His liner notes cover such top musicians as Sonny Rollins, Sonny Stitt, Horace Silver, Joe Henderson, and Eric Dolphy.
For the 9-CD Dolphy box – Eric Dolphy: The Complete Prestige Recordings (1995) – Stewart’s biographical essay, “Out There: The Angelic Passion of Eric Dolphy,” earned him a prestigious ASCAP–Deems Taylor Award. He was also awarded the Los Angeles Jazz Society’s Leonard Feather Jazz Communicator Award in 1994, which included a Certificate of Commendation from the City of Los Angeles.
From 1972 to 1982, Stewart was also heard on the radio, playing jazz on such FM stations as KBCA, Los Angeles’ lone commercial jazz radio outlet, KCRW, KCSB, and KTMS. “That was enjoyable, exposing music that I enjoyed, and hearing from listeners how I improved their days,” he notes.
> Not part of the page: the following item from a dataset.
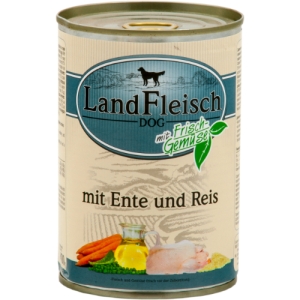 LandFleisch Dog Pur Ente & Reis / Part & Riis 400g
As a musician, Stewart has previously fronted bands that boasted such other fine artists as pianist Tardo Hammer, trumpeter Joe Magnarelli, guitarist Bob DeVos, bassists Paul Gill and Mike Karn, and drummers Gary Frommer, Clarence Johnston, Steve Johns, and Tony Reedus.
The saxophonist has also shared bandstands in spontaneous situations with such notables as saxophonists Gary Bartz, Art Pepper, and Joe Lovano, guitarists Dave Stryker and Peter Bernstein, pianists Albert Dailey and Mike LeDonne; and drummers Jimmy Cobb, Brian Blade, and Billy Drummond.
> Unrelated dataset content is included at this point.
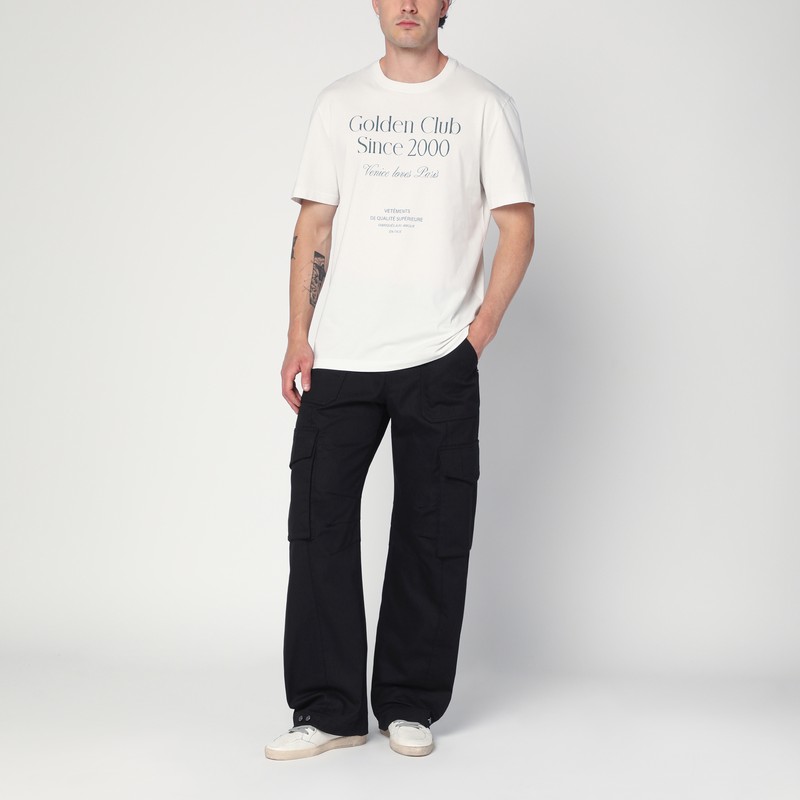 Golden Goose Journey Ms T-shirt Regular Light Cotton Jersey With Print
“As fortunate as I have been to have written about so many great musicians, I have been equally blessed to have been on bandstands with scores of ace jazz artists who showed me first hand what playing jazz was all about,” relates Stewart.
Stewart considers himself a bebop-based modern artist who tries to follow Charlie Parker’s conceit: to play clean lines and to look for the pretty notes. “My heroes played beautiful music that had a ton of energy,” he says. “That’s what I try to do.”
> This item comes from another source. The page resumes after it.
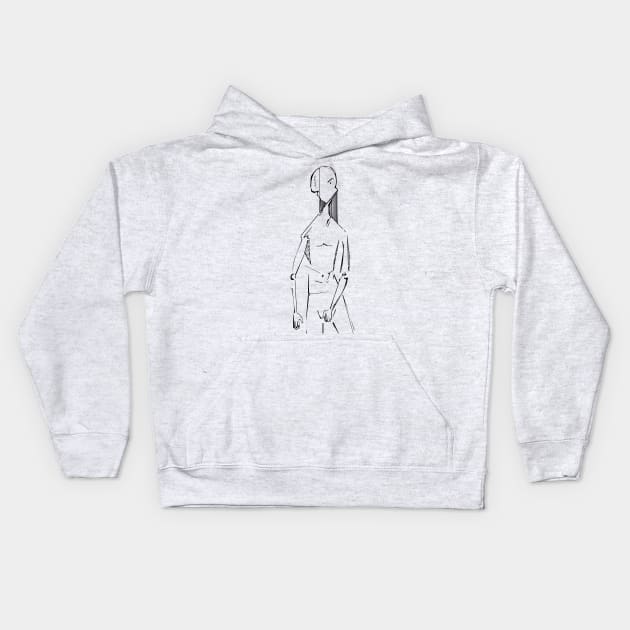 Michael Jackson Android Illustration Kids Hoodie by Ambient Abstract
Tone is an essential element of Stewart’s oeuvre. “I was fortunate to study briefly with saxophonists Victor Morosco, Lew Tabackin, and Grant Stewart, and extensively with Charles Oreña, all of whom stressed getting a full, rich sound out of the instrument,” he reports. “Following their advice, I think I have ended up with a nice, weighty sound that is my own.”
Stewart’s performances include a degree of mike patter. “I feel it’s important to communicate verbally with your audience, make the listeners really a part of the goings-on,” he says.
Since arriving in the Bay Area – where Stewart previously lived in 1966-67 (in the Haight-Asbury) and 1971-72 – he’s found a very fertile community with scores of fine players.
“There’s a strong sense of creativity in the air, and musicians have good opportunities for self-expression,” he says. “I look forward to seeing what direction not only my music will take me, but also my writing, as I have a book or two in mind. It’s an exciting time in my life.”